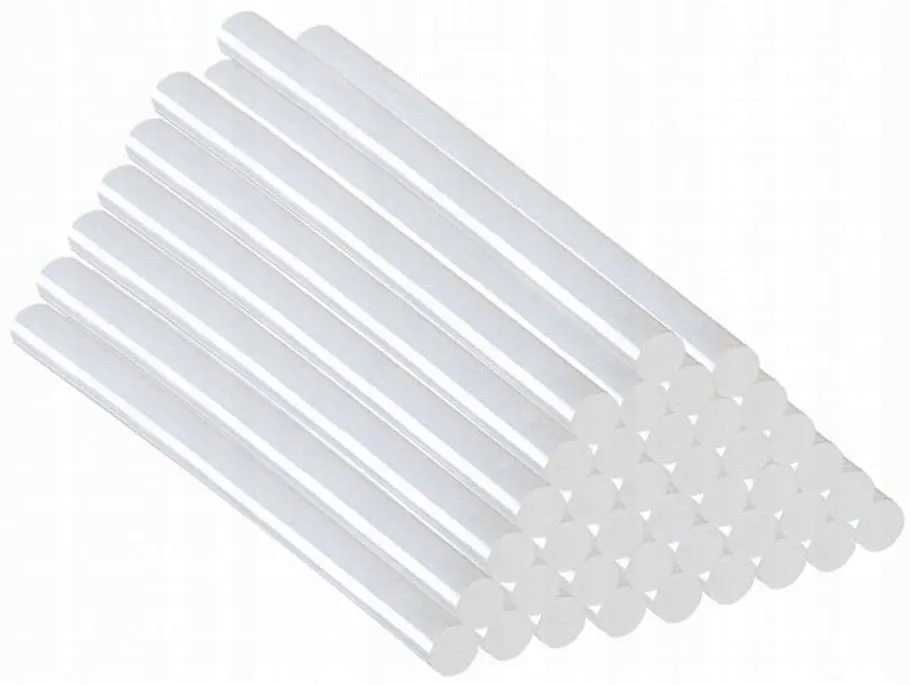 Klej do pistoletu na gorąco 7mm 300mm 85szt. 1kg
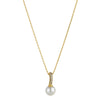 Nalani Gold Pearl Necklace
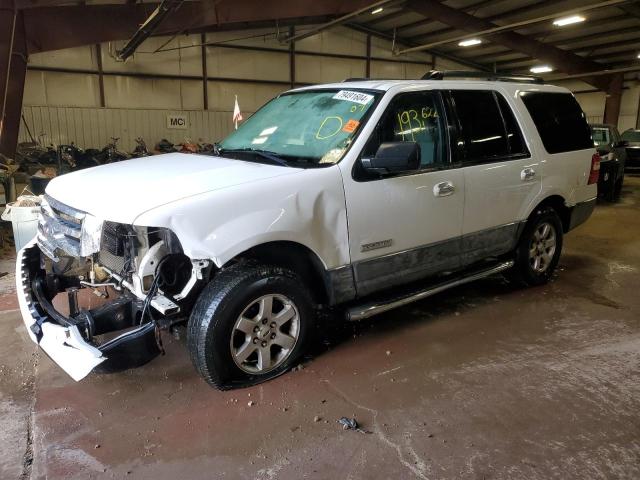 2007 FORD EXPEDITION VIN: 1FMFU16597LA52593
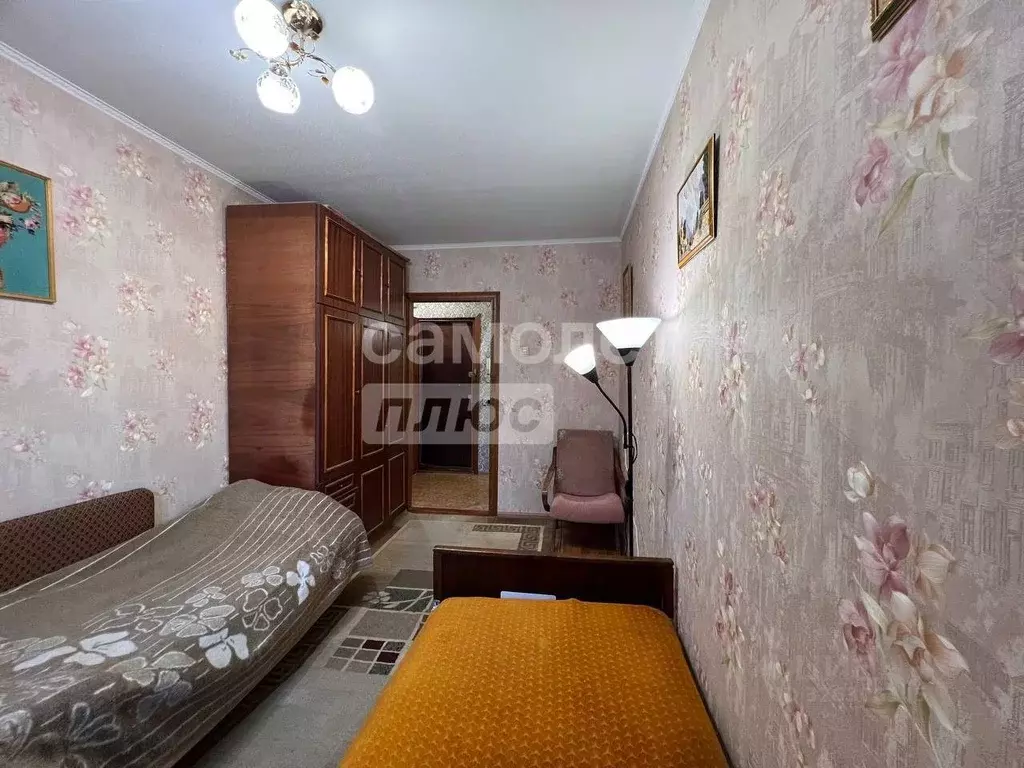 2-к кв. Коми, Сыктывкар ул. Старовского, 42 (44.1 м) - Фото 2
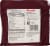 Cathedral City™ Mature English Cheddar Cheese Perspective: back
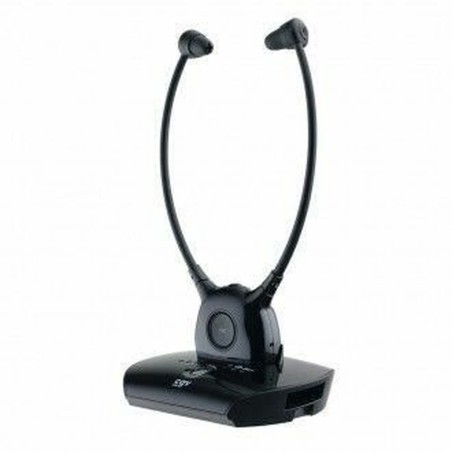 Auricolari CGV DOLFIN ONYX DUO Nero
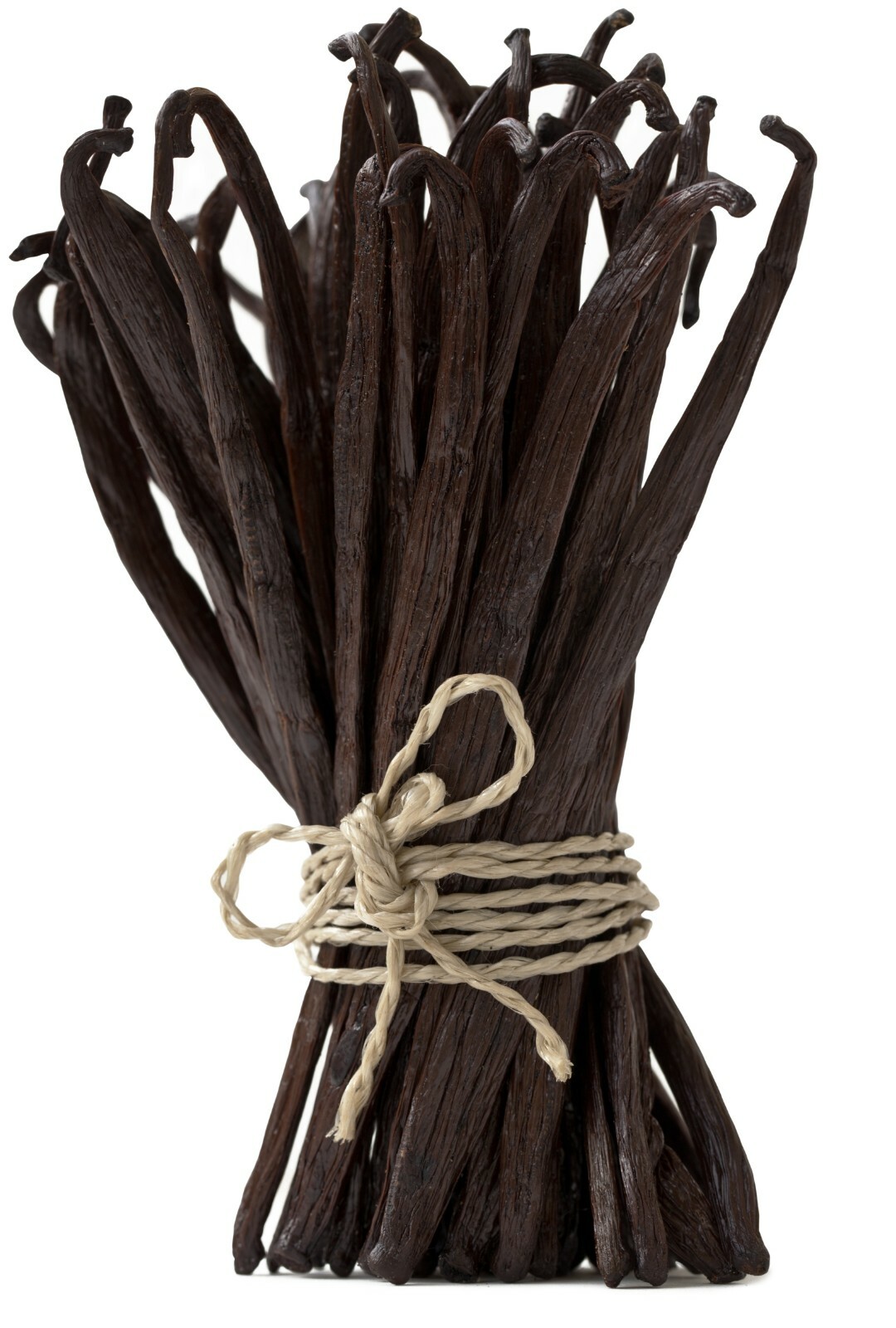 10 Grade A Gourmet Madagascar Vanilla Beans For Vanilla Extract | 5 – 6 Inches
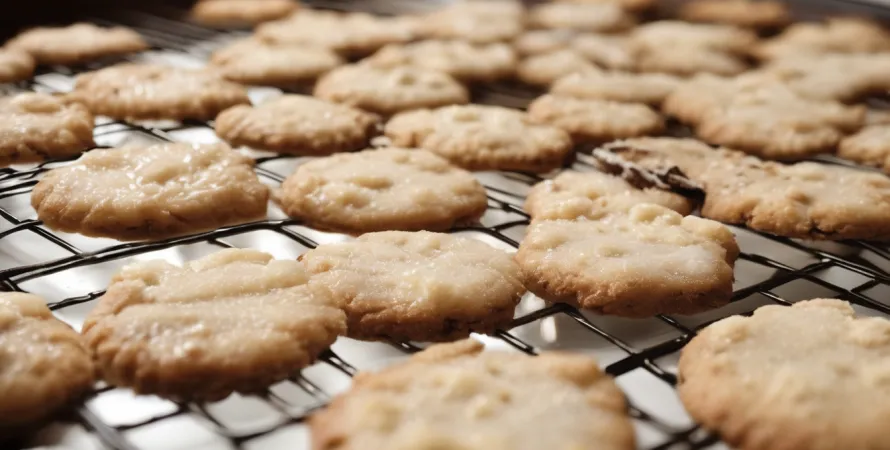 Cookies au Sucre
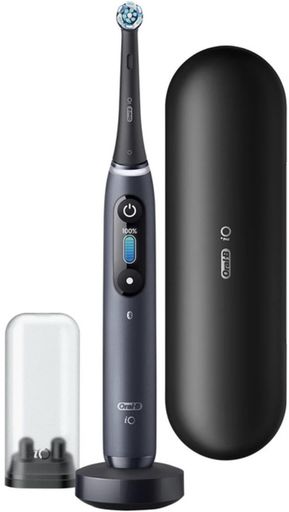 Електрична зубна щітка Oral-B iO Series 8 Black Onyx Europe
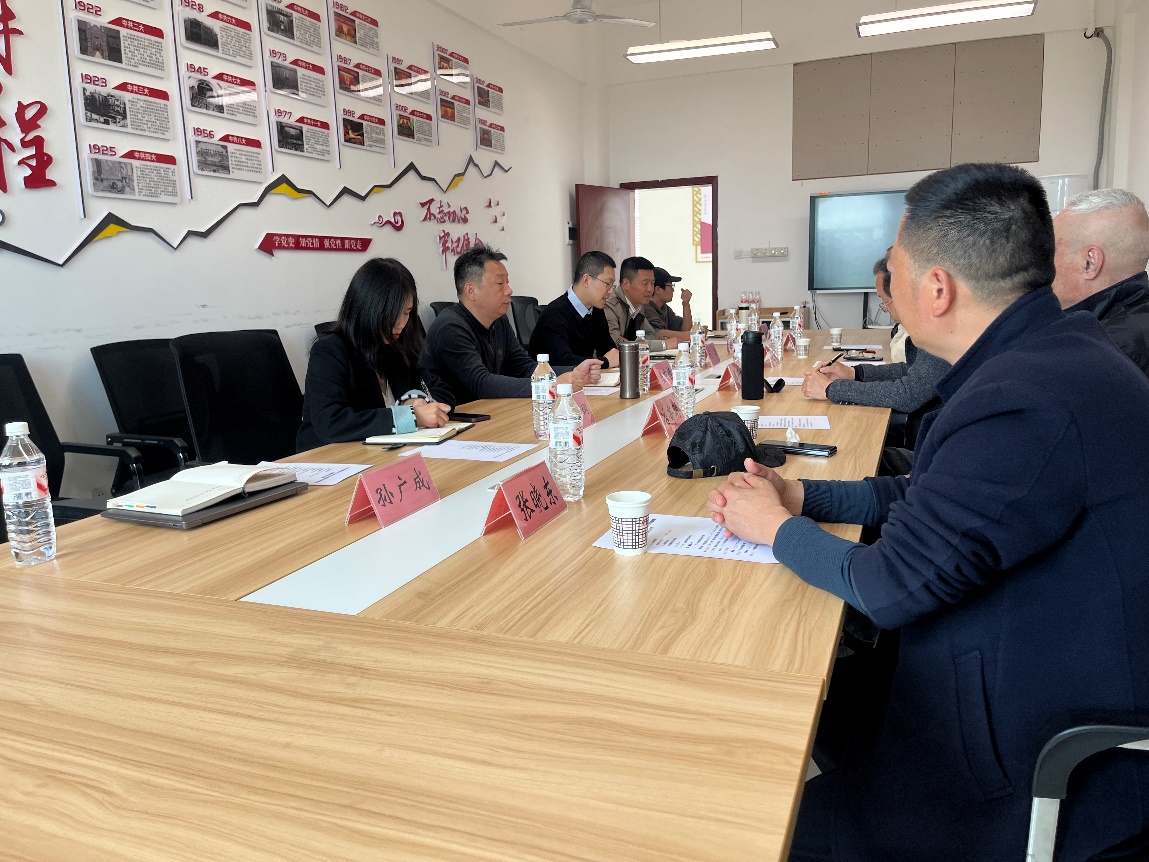 深化校协合作 赋能文旅发展  —— 阆中市摄影家协会与旅游系开展交流座谈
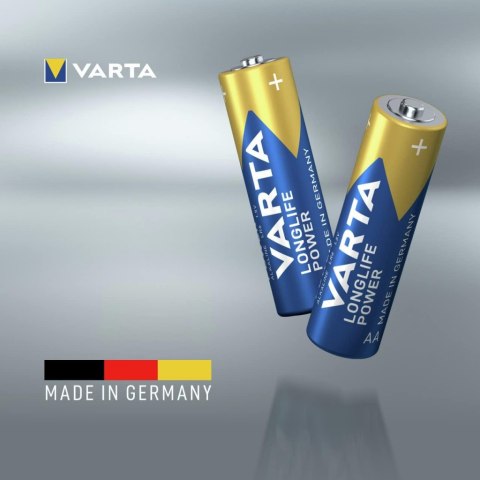 BATERIE ALKALICZNE VARTA R6 (AA) LONGLIFE POWER 24szt PREMIUM BOX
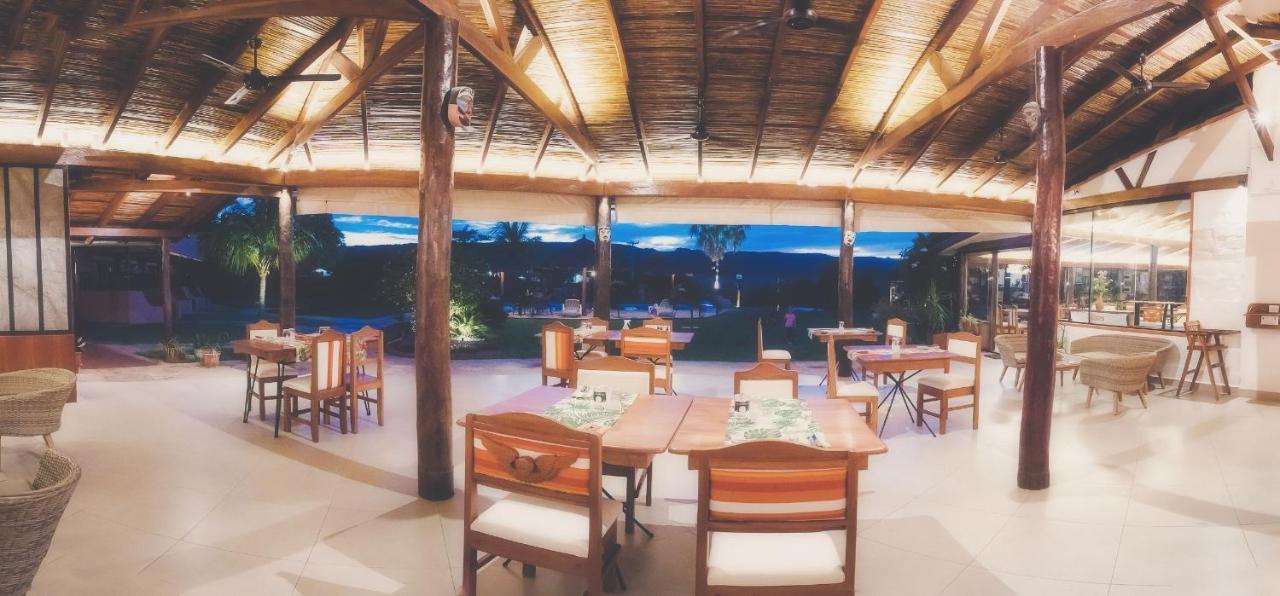 Hotel La Villa Chiquitana San José de Chiquitos Dış mekan fotoğraf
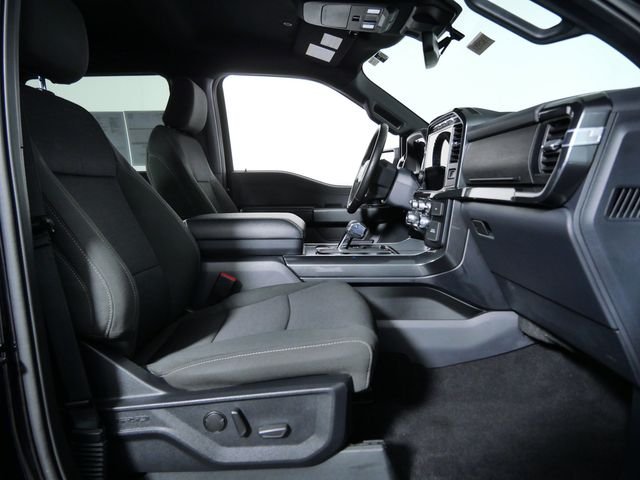 Certified Used 2023 Black Ford XLT image 13
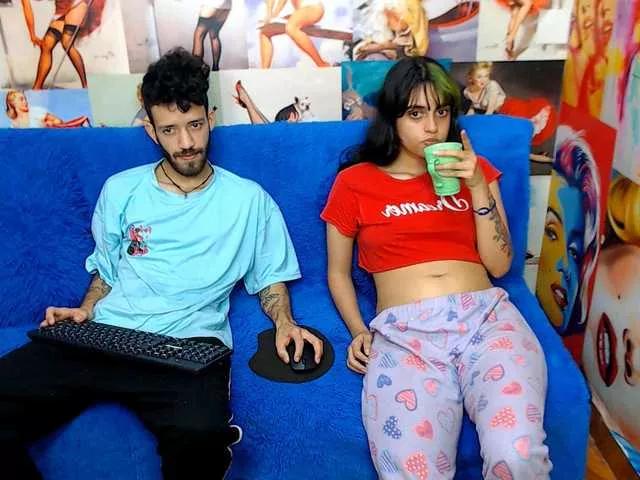 roxyNsoul on BongaCams 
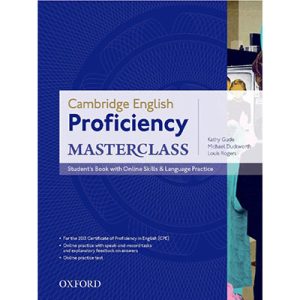 خرید کتاب Cambridge English Proficiency Masterclass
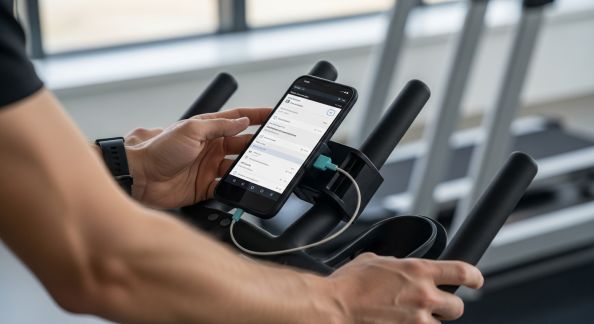 Comment suivre ses progrès en sport d’intérieur : astuces et outils numériques
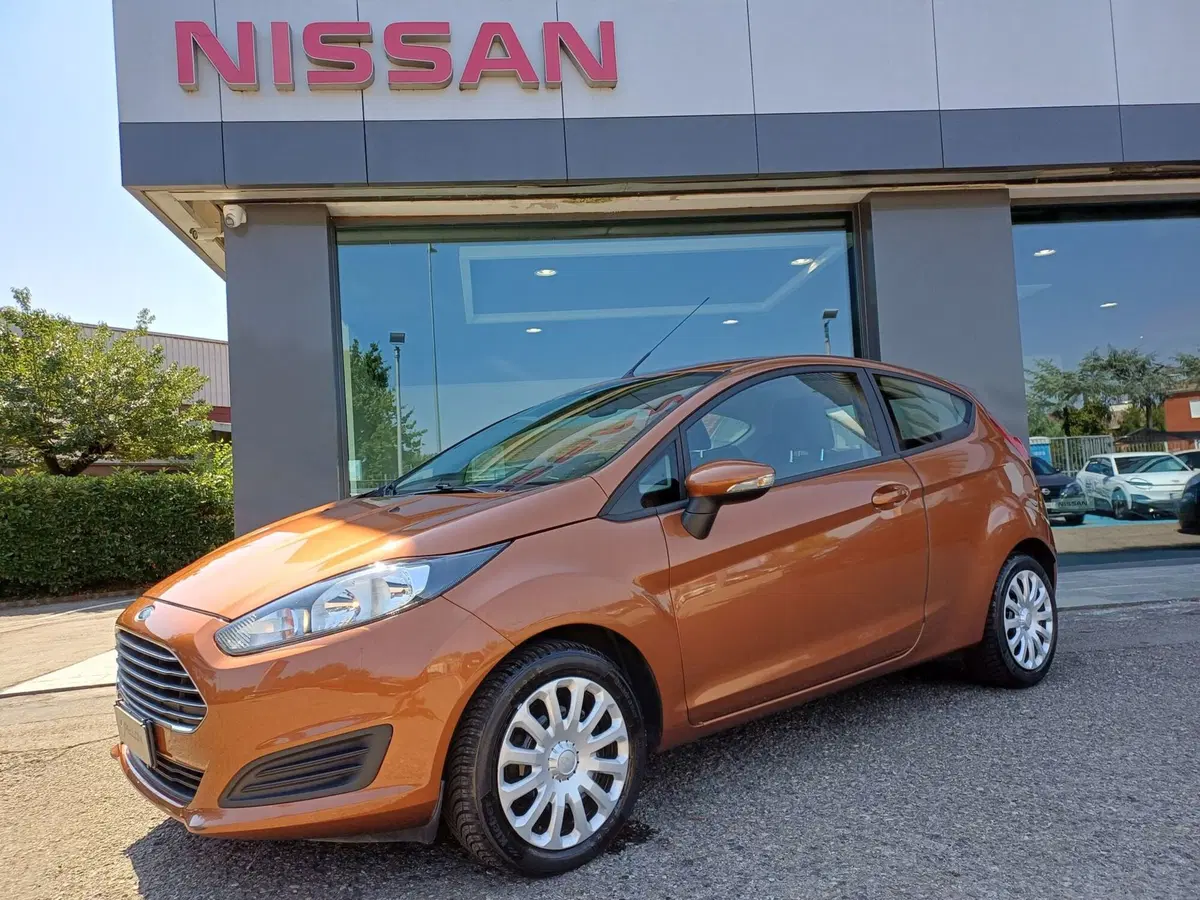 Ford Fiesta usata a Modena (18)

• • •

About this exercise: Only the line with "Auricolari CGV DOLFIN ONYX DUO Nero" and those preceding it, back to the first line of the entries, should be repeated exactly, without pictures.

Result for this task:
 Klej do pistoletu na gorąco 7mm 300mm 85szt. 1kg
 Nalani Gold Pearl Necklace
 2007 FORD EXPEDITION VIN: 1FMFU16597LA52593
 2-к кв. Коми, Сыктывкар ул. Старовского, 42 (44.1 м) - Фото 2
 Cathedral City™ Mature English Cheddar Cheese Perspective: back
 Auricolari CGV DOLFIN ONYX DUO Nero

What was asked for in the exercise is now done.